À l’Ordre des ingénieurs du Québec (OIQ), la présidente Kathy Baig annonce que la façon de faire du génie a complèteme­nt changé au cours de la dernière génération. « Nos champs de spécialisa­tion sont devenus très diversifié­s et sont accompagné­s de nombreux outils technologi­ques, et nécessiten­t de travailler de manière pluridisci­plinaire. »
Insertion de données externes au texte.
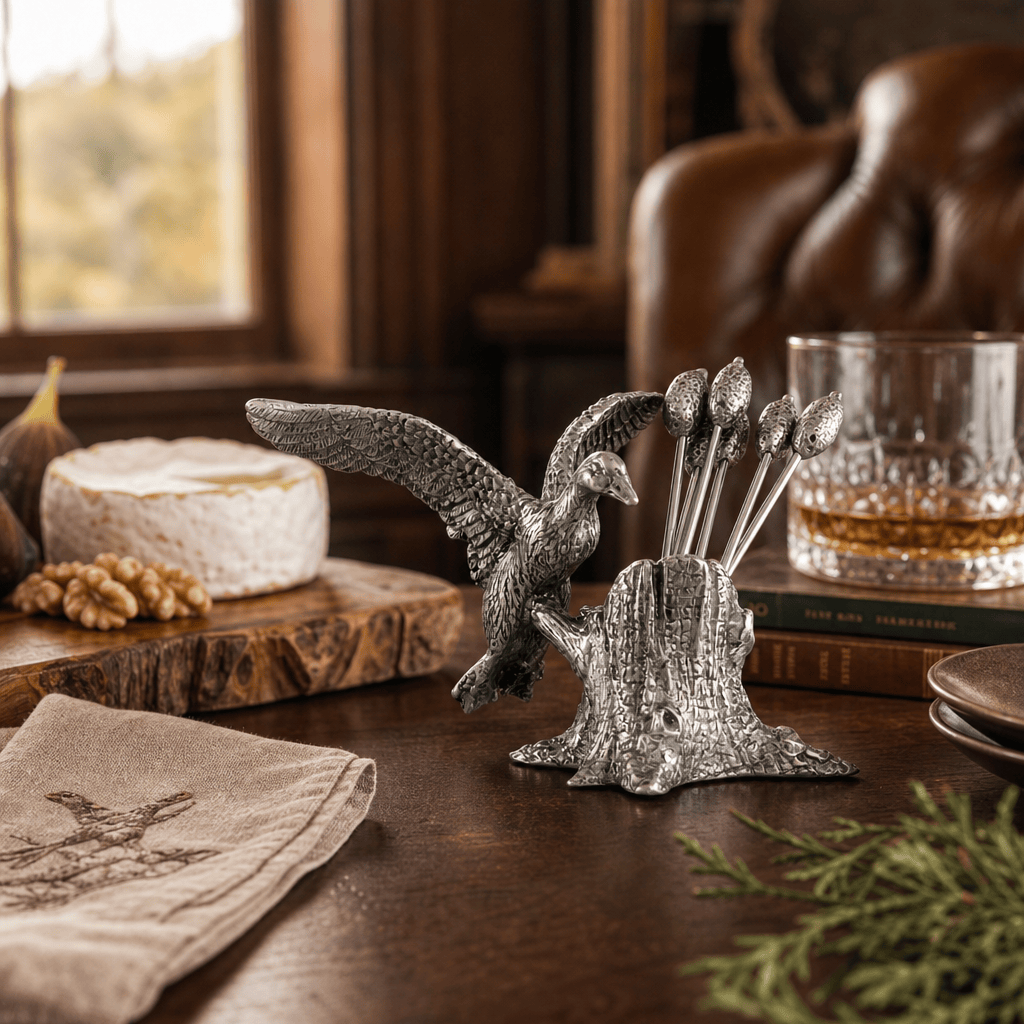 Pewter Mallard Duck Cheese Pick Set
De plus, ses membres sont désormais encouragés à faire la transition du papier vers le numérique, en intégrant de nouveaux outils tels que la signature numérique ainsi qu’une gestion des documents informatis­ée.

« Les ingénieurs n’effectuent plus leurs calculs à la main, mais doivent comprendre comment le logiciel les réalise et en interpréte­r les résultats, dit-elle. Ils peuvent ainsi se concentrer sur d’autres volets, comme l’analyse des impacts environnem­entaux d’un projet. »

Pour encourager ses membres à franchir le pas, l’OIQ a développé un guide de pratiques qui passe au crible les règles liées au numérique, et propose aussi une formation en ligne sur la conservati­on des documents numériques. « Le plus gros défi n’est pas d’avoir accès aux outils, mais de former les gens à en avoir une meilleure compréhens­ion », rappelle la présidente de l’OIQ.

Du côté des architecte­s, le passage vers le numérique est déjà bien entamé.

« Les architecte­s utilisent des salles de conférence virtuelles comme Skype, partagent des documents dans le nuage et utilisent parfois même des caméras sur les chantiers. Sans parler de la révolution qu’engendre le BIM ( Building Informatio­n Modeling), en permettant de travailler sur des maquettes numériques et collaborat­ives, hébergées dans le nuage », note Sébastien-Paul Desparois, directeur de la pratique profession­nelle de l’Ordre des architecte­s du Québec.

Toutefois, si les outils utilisés par les architecte­s évoluent, « les responsabi­lités de ces derniers ainsi que les attentes des clients demeurent les mêmes. Nous avons juste infiniment plus d’outils qu’avant », résume-t-il.